Table 6. Results of Friedman's test between our approaches and the compared algorithms atα = 0.05.

The Friedman's test results in Table 6 tell us that there is a strong significant difference between our approaches and the compared algorithms because any p in Table 6 supports p ≺ 0.05. Therefore, we conduct a multiple comparison test between each pair of algorithms at the confidence level of 0.95 and show these statistical test results in Table 7. The mean rank difference between algorithms is shown in the upper triangle of the table. The statistical significance between pairs of algorithms is displayed in the lower triangle using “*.”

TABLE 7

Table 7. Paired rank comparison of algorithms in ACC_IL and AII_PL for binary and multi-class classification.

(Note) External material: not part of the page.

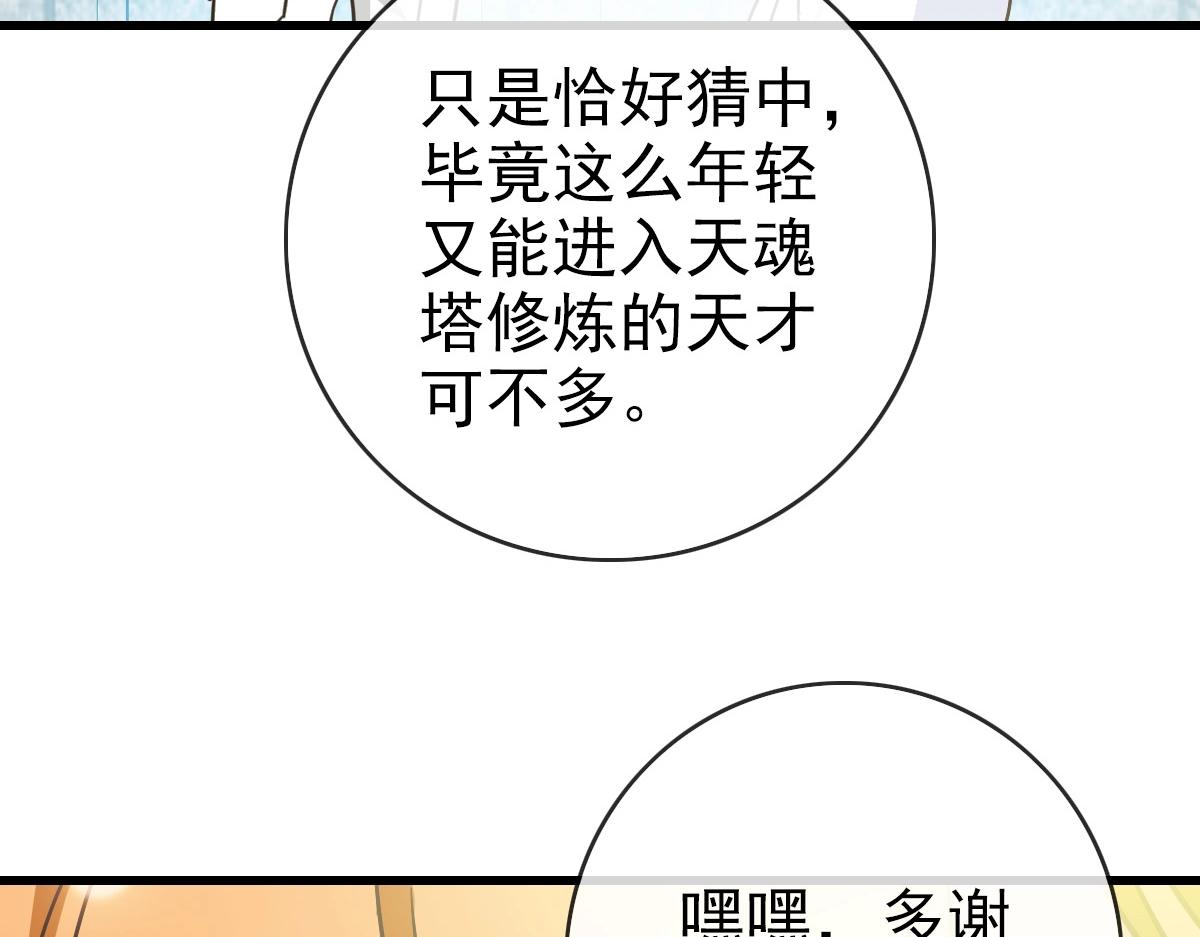 第87话 来者不善沐仙儿138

The multiple comparison tests in Table 7 reveal that our breast cancer diagnosis model which uses Inception_ResNet_V2 on the augmented dataset is very powerful. It offers a statistically significant improvement compared to the results from available references that we can find.

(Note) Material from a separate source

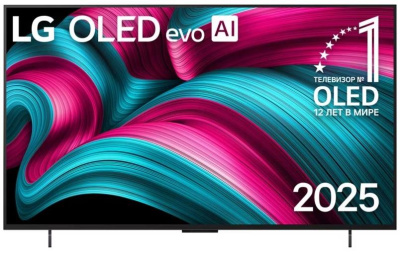 OLED-телевизор LG OLED42C5RLA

This subsection will further compare the experimental results of Inception_ResNet_V2 on histopathological images of breast cancer to those of SVM and 1-NN classifiers with the 1,536-dimension features extracted by the Inception_ResNet_V2 network. Also, it will compare the experimental results of the SVM and 1-NN classifiers with features extracted by other networks.

The experimental results of binary classification of histopathological images of breast cancer with features extracted by Inception_ResNet_V2 are shown in Table S1 in terms of Se, Sp, PPV, DOR, ACC_IL, ACC_PL, F1, AUC and Kappa. Table S2 shows the experimental results of multi-class classification of histopathological images of breast cancer with features extracted by Inception_ResNet_V2 in terms of ACC_IL, ACC_PL, Macro-F1, Micro-F1, and Kappa. Table 8 compared the studies in (5) and ours in terms of ACC_PL, the only evaluation criterion used in (5), when the experimental results are all from SVM and 1-NN classifiers. The differences between our methods and those in (5) are the features. We adopted the Inception_ResNet_V2 network to extract features of histopathological images of breast cancer while those in (5) used other networks to extract features.

TABLE 8

Table 8. Comparison between different networks extracting features for binary classification/%.

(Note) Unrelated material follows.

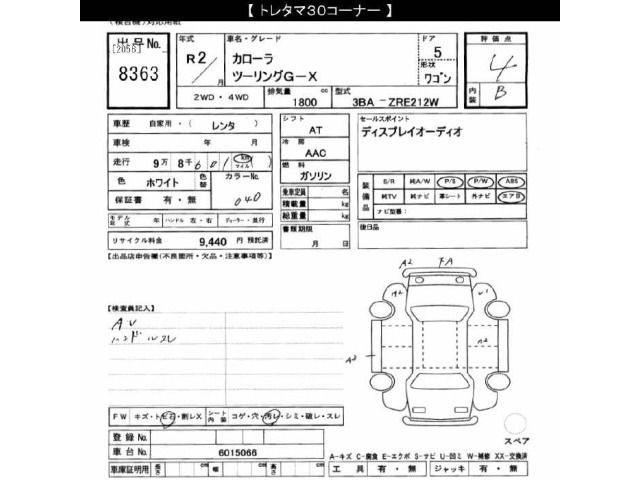 Toyota COROLLA TOURING 2020 8515663-2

The results in the tables in the Supplementary Material show that each classifier gets its best experimental results on the extended datasets of histopathological images of breast cancer, regardless of using binary or multi-class classification. The experimental results of the Inception_ResNet_V2 network on the expanded datasets of histopathological images of breast cancer are the best ones among the results from all of the listed classifiers in the tables in the Supplementary Material. The experimental results of the SVM and 1-NN classifiers are not better than that of the Softmax classifier, even though the features are extracted by the Inception_ResNet_V2 network. Therefore, it is very appropriate to use the Inception_ResNet_V2 network to classify histopathological images of breast cancer.

The results in Table 8 reveal that even when using the same classifiers, such as SVM or 1-NN, the experimental results are different. The results based on the extracted features from the Inception_ResNet_V2 network are much better than those in (5) based on the features extracted by other networks. The best results were also obtained using the extended datasets. This analysis further demonstrates that the deep learning network Inception_ResNet_V2 has a powerful ability to extract informative features automatically.

Clustering Results

This subsection will describe the great advantages of Inception_ResNet_V2 network when it is used for automatically extracting informative features from histopathological images of breast cancer. The 1,536-dimension features are extracted by using Inception_ResNet_V2 to process histopathological images of breast cancer, and the K-means clustering algorithm is adopted to group these images into proper clusters. In addition, a new AE (Autoencoder) network with a shape of [1536, 500, 2] is constructed to perform a non-linear transformation to the 1,536-dimension feature vectors produced by Inception_ResNet_V2. In this way, the 2-dimension features of the histopathological images of breast cancer can be obtained for K-means in low dimensional space. Here, IRV2+Kmeans represents the clustering results of K-means with the features extracted by Inception_ResNet_V2, while IRV2+AE+Kmeans represents the clustering results of K-means based on the features transformed by our proposed AE using the features extracted by Inception_ResNet_V2.

Experiments to Find the Number of Clusters in the Dataset

To find the proper K for K-means, we adopt the internal criterion SSE (Silhouette Score) to search for it. The SSE index combines the degree of condensation and separation and can be used in cases without any label information. The interval of SSE is [−1, 1]. Higher SSE values are associated with samples belonging to the same cluster being closer together and samples belonging to different groups being farther apart. SSE values closer to 1 indicate better clustering.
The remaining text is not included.